→ Exercise directions
Take the lines in the listing below from the line with "Coffret Gremlins 2 films Blu-ray" up to and including the line with "کلاه کپ مدل جین طرح سنگشور" and set them down exactly, skipping pictures and adding nothing.

→ Input
# # # # # # #
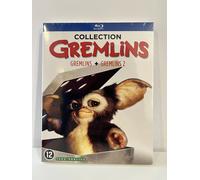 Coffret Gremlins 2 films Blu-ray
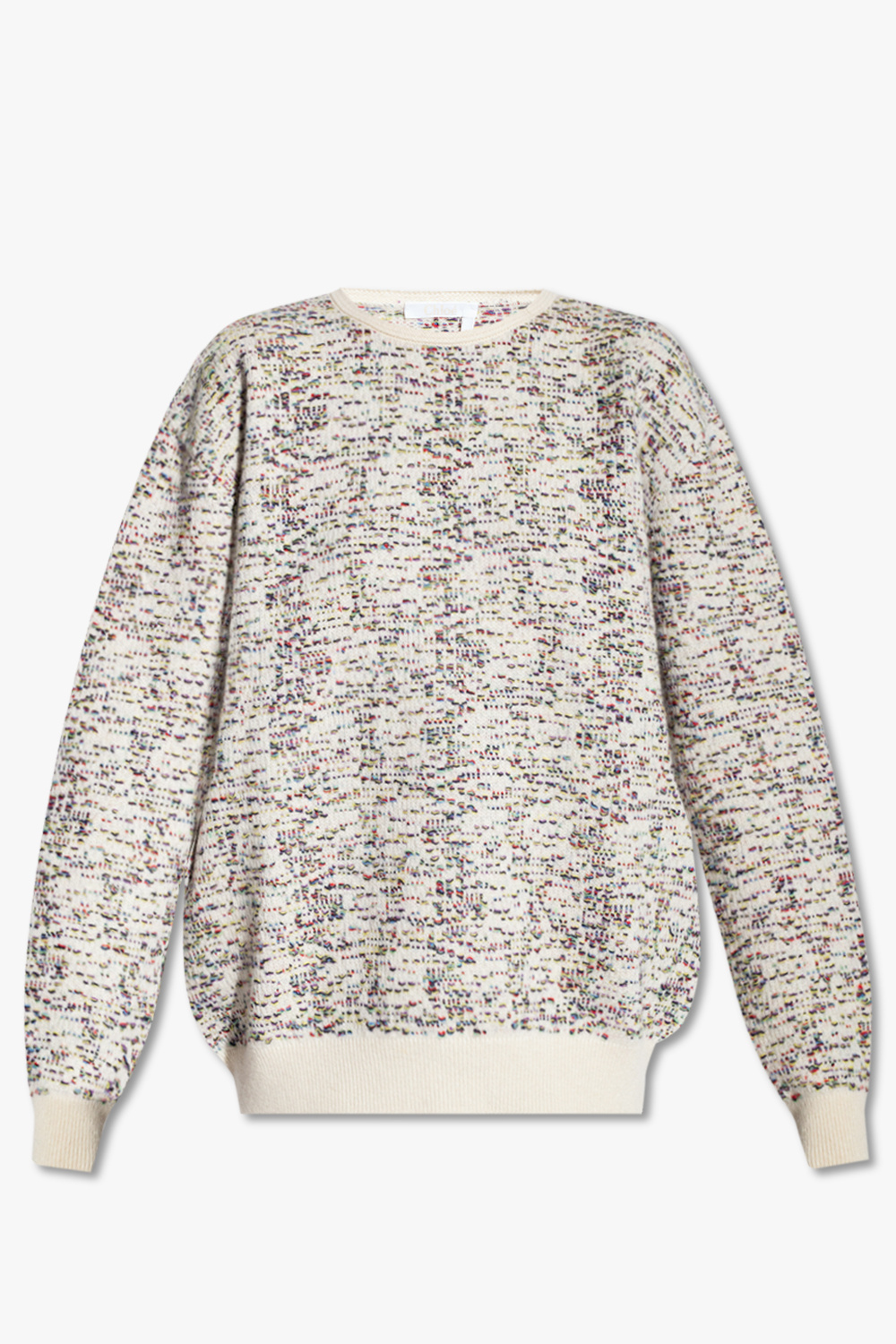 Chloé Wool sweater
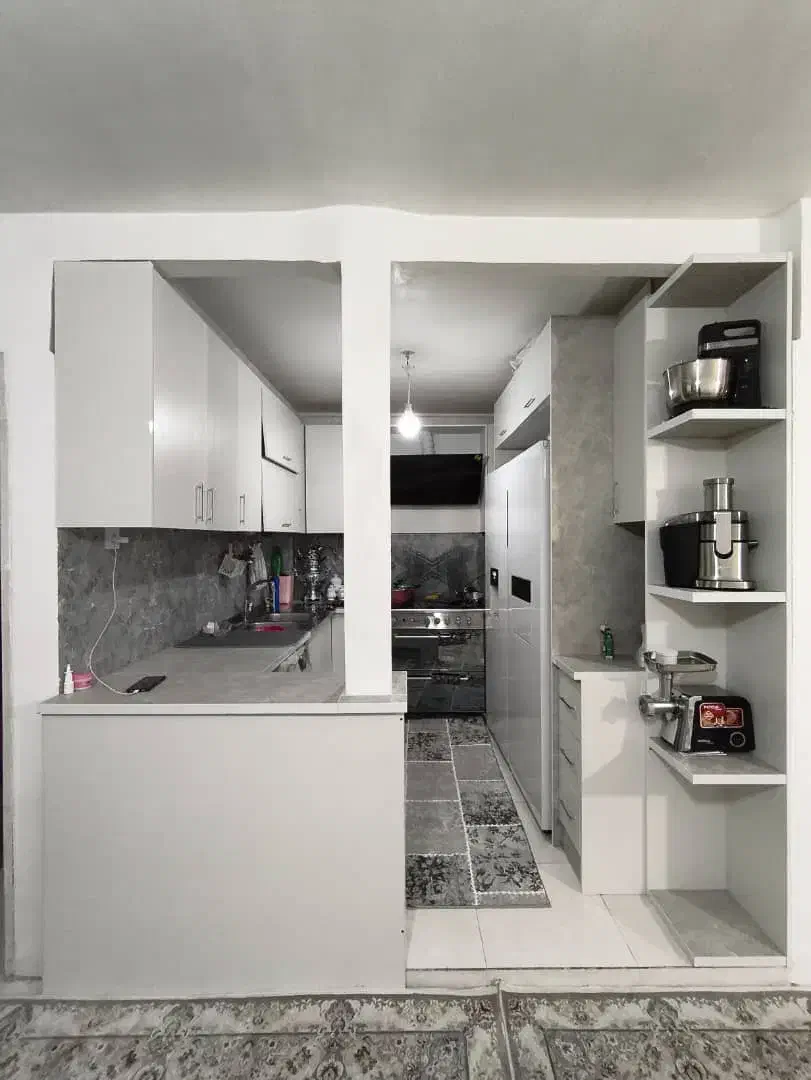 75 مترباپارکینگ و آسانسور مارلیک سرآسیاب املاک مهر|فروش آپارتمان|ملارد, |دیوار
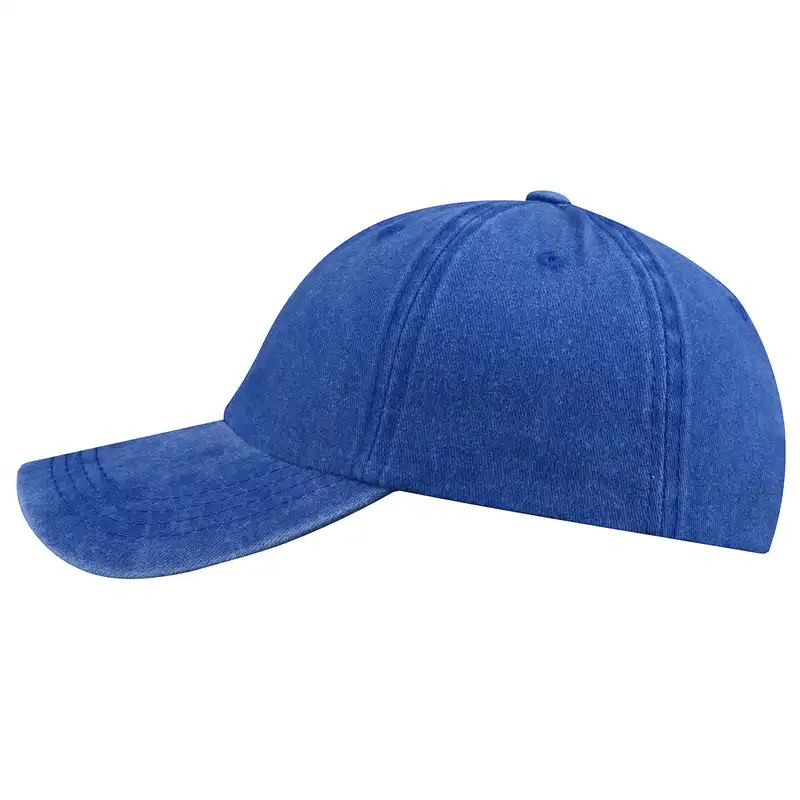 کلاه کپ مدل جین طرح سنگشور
# # # # # # #
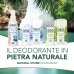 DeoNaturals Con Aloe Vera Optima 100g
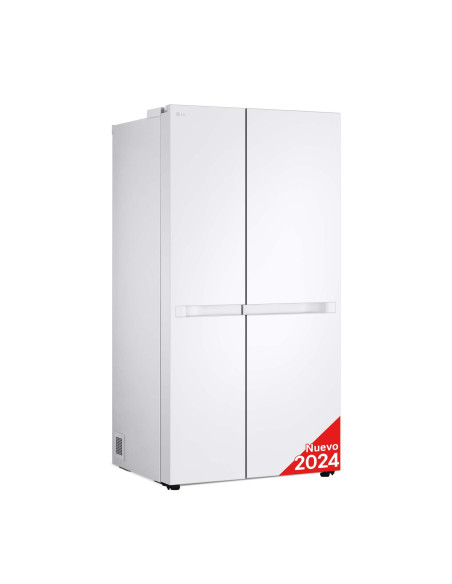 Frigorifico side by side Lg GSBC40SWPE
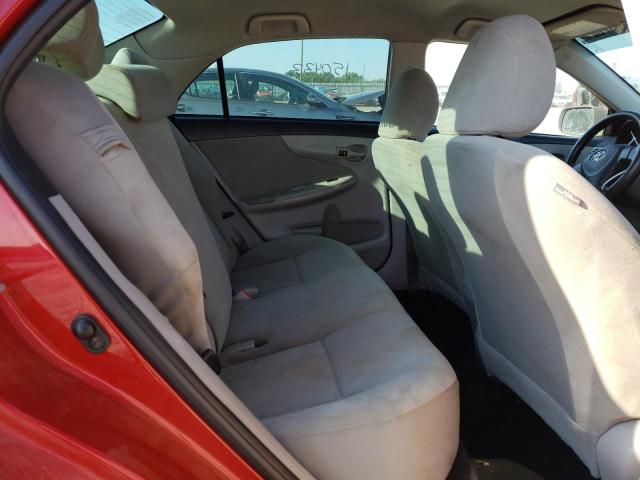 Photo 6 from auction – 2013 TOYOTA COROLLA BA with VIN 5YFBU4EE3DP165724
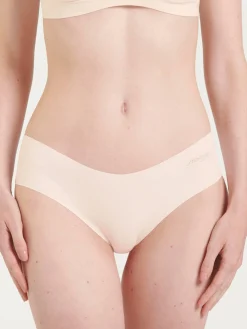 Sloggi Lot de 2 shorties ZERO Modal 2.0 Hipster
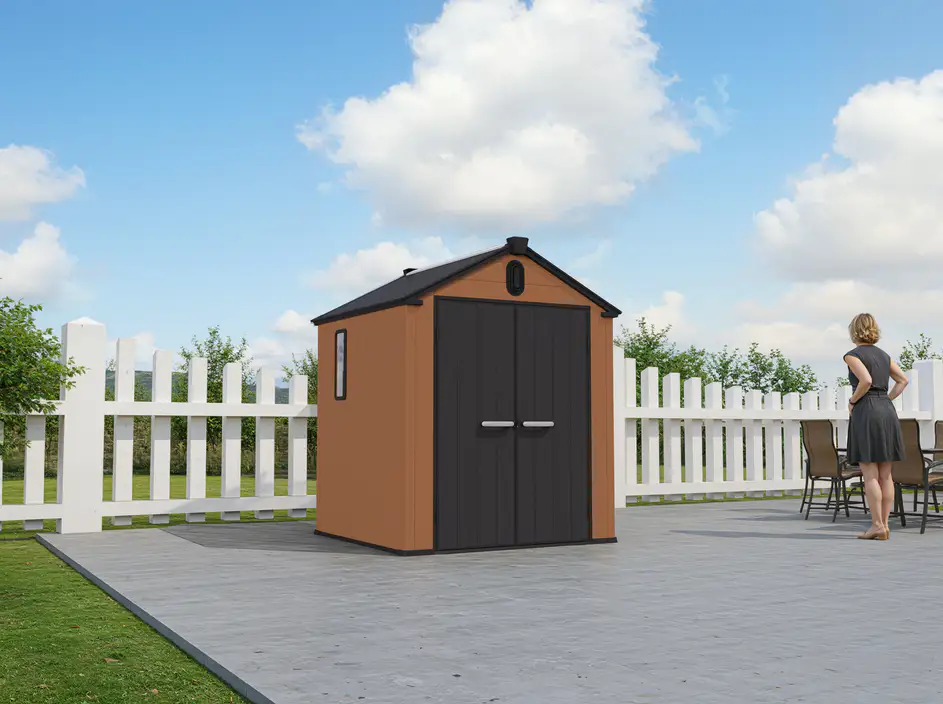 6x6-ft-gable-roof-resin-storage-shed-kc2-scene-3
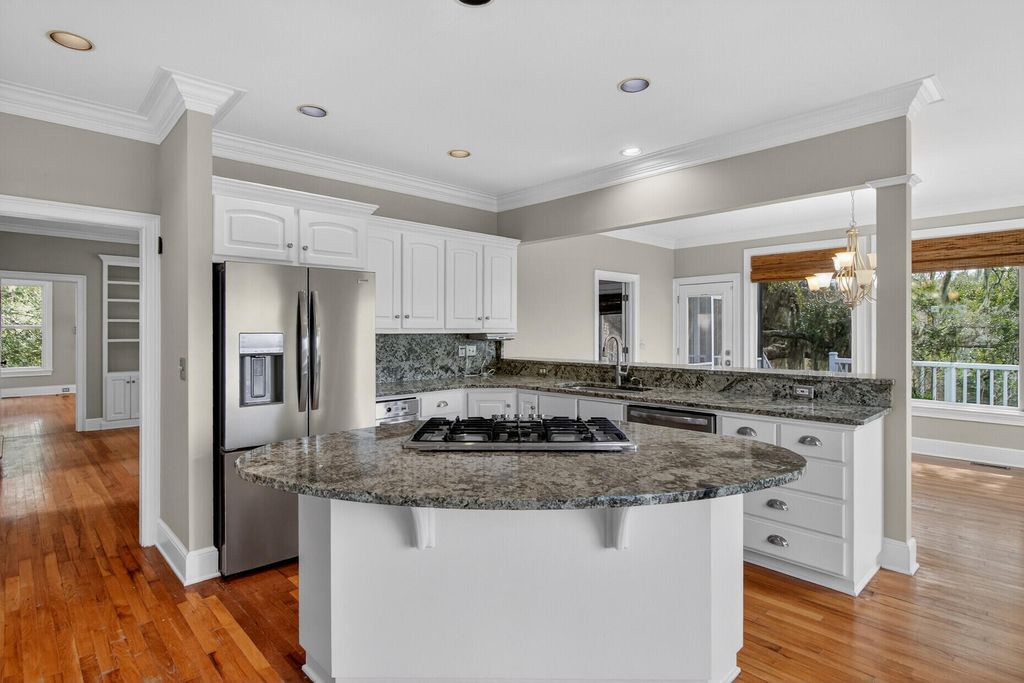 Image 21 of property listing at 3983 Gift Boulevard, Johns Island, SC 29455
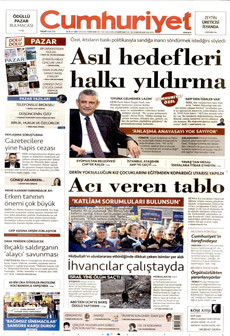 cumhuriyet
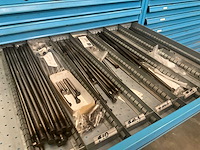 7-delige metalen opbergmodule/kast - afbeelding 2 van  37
# # # # # # #
→ Response to the exercise
 Coffret Gremlins 2 films Blu-ray
 Chloé Wool sweater
 75 مترباپارکینگ و آسانسور مارلیک سرآسیاب املاک مهر|فروش آپارتمان|ملارد, |دیوار
 کلاه کپ مدل جین طرح سنگشور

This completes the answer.